When many people say the word “marketing”, appoint “marketing” managers or even sell “marketing” services, what they actually mean is “promotion” – using tools like advertising, websites or glossy brochures.

No amount of money spent on promotion is likely to have any positive impact if you’re otherwise offering the wrong things, the wrong way to the wrong people.

Unfortunately, no amount of money spent on promotion is likely to have any positive impact if you’re otherwise offering the wrong things, the wrong way to the wrong people.

Marketing is actually the ongoing process of identifying and satisfying customer needs.
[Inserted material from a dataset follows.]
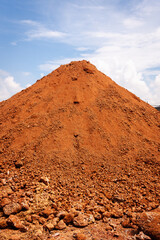 Construction activity residential area soil pile outdoor setting ground-level view earthworks concept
Done properly, marketing will help you to do things people actually want and deliver them the right way, at the right price, in the right place, at the right time.

Marketing can therefore genuinely help you to operate efficiently, make the most of your resources and avoid unnecessary costs.

Communication isn’t just about what you’ve got to say

It’s also about listening, because if you want people to listen to you, first you have to listen to them and understand the things they want, they’re interested in and that they’re trying to achieve. Burning money shouting about yourself when nobody’s listening is a folly to be avoided.

Communication is also what others have to say about you, which can be more influential and carry further than anything you say about yourself. What you do and how you do it can therefore speak volumes about you – without a penny spent on promotional tools and activities.

Marketing jargon isn’t necessary

Marketing people are infamous for their use of jargon and buzzwords, which is strange as they’re supposed to be aware of what their audiences want – and who wants to be on the receiving end of a load of marketing jargon? That’d be nobody.

Who wants to be on the receiving end of a load of marketing jargon? That’d be nobody.

Those spouting jargon and buzzwords appear to live under the misguided impression that confusing and baffling others makes them sound more intelligent and/or important – but it’s never the recipient’s fault if the message they’re given is unclear.

Alas, jargon is also used by some to deceive. Simple tasks are made to sound horrifically complex, justifying a fee that’s much larger than you’d pay if you knew how not very complicated the task actually is.